A floating magnetic head of the composite type which has been heretofore frequently used is generally indicated by reference numeral 1 in FIG. 8. This head 1 comprises a substantially rectangular slider 2 made of a nonmagnetic material of a high density such as calcium titanate ceramic. Rails 3 and 4 are mounted on the top surface of the slider 2 which is opposite to a magnetic recording medium (not shown) to produce a floating force. A slit 5 of a given depth is formed at one corner of the slider 2 which lies under one rail 3. The slit 5 extends in a direction perpendicular to the direction in which the medium moves. A thin head core 7 which has a read/write gap 6 and acts to read and write information to and from the medium is inserted in the slit 5. The core 7 is sealed by glass or other bonding means. One corner of the slider 2 is cut out to form a window 8 that permits winding of a coil 9. The window 8 extends along the rails 3 and 4 to two side surfaces of the slider 2. The coil 9 is wound on that portion of the head core 7 which faces the window 8.
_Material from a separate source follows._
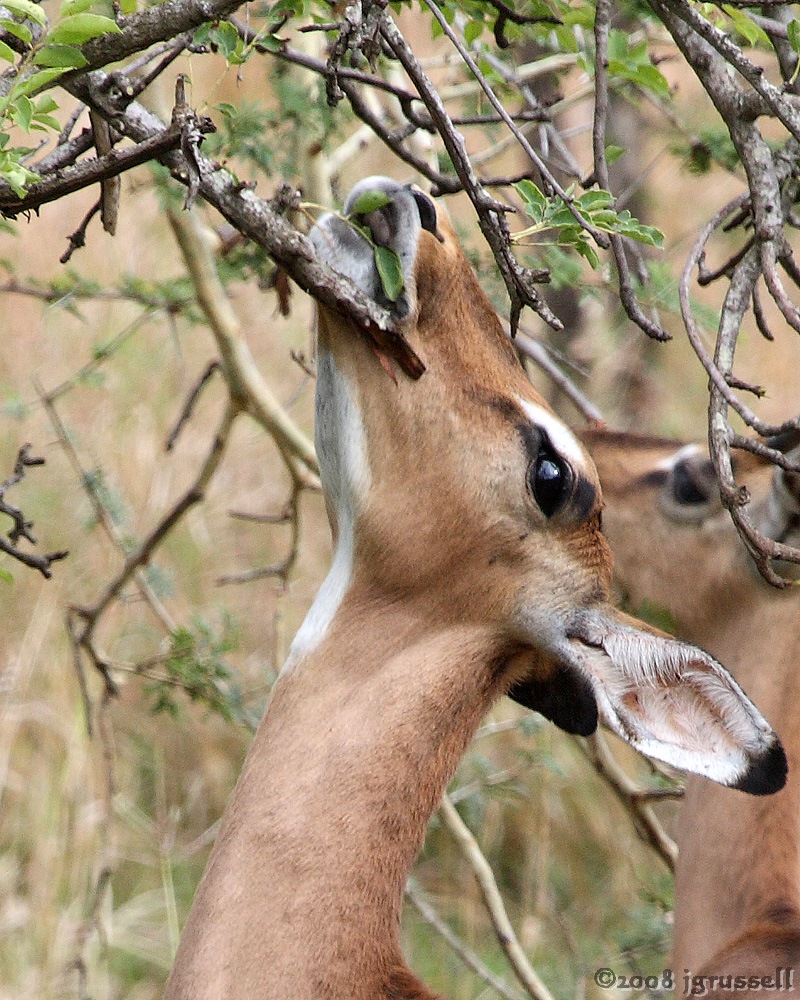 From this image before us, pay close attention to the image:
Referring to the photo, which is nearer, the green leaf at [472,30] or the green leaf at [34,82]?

The floating magnetic head of the composite type shown in FIG. 9 is disclosed in detail in copending U.S. application Ser. No. 08/059,297 to Egawa et al. head, indicated by 1a, comprising a thinned head core 7 to reduce eddy current loss at high frequencies. The head core 7 is adhesively bonded to the outer periphery of a nonmagnetic slider 2a. This floating magnetic head la is characterized in that the head core 7 can be thinned by a known machining technique such as grinding, lapping, or polishing after the core is bonded. This is permitted by the fact that one side of the core 7 is exposed. The head core 7 can be made thinner than the head core of the floating magnetic head 1 described already in connection with FIG. 8.
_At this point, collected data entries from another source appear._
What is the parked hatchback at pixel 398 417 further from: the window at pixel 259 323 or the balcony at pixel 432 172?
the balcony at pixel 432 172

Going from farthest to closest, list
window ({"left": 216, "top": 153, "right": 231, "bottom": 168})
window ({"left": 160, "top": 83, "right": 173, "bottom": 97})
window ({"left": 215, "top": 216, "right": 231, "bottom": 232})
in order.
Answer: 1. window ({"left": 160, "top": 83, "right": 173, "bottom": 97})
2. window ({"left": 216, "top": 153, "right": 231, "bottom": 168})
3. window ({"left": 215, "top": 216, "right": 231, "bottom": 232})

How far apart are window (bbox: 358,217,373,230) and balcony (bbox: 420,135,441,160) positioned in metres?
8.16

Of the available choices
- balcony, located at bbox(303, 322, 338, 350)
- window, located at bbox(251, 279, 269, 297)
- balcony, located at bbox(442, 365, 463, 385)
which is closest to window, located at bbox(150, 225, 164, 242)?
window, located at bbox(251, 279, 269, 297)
However, in the floating magnetic head la shown in FIG. 9, when the coil 9 is wound or the head is mounted to a suspension in a following step, or when the hard disk drive is mounted or otherwise treated, distortion or impact directly acts on the head core 7. As a result, the core 7 may get damaged or the characteristics may be deteriorated. Furthermore, the coil 9 on the head core embodiment shown in FIG. 9 has a tendency to be disarranged more easily than the floating magnetic head 1 shown in FIG. 8. The disarranged coil may come into contact with the disk, resulting in electrical leakage, breakage, or other trouble. In accordance with U.S. application Ser. No. 08/059,297, additional embodiments, for example, a bobbin (not shown) are used to prevent the coil from being disarranged or to prevent layer short between the wire of the core and the head core. If the bobbin is attached to the very thin head core, there arises the possibility that the core 7 is damaged.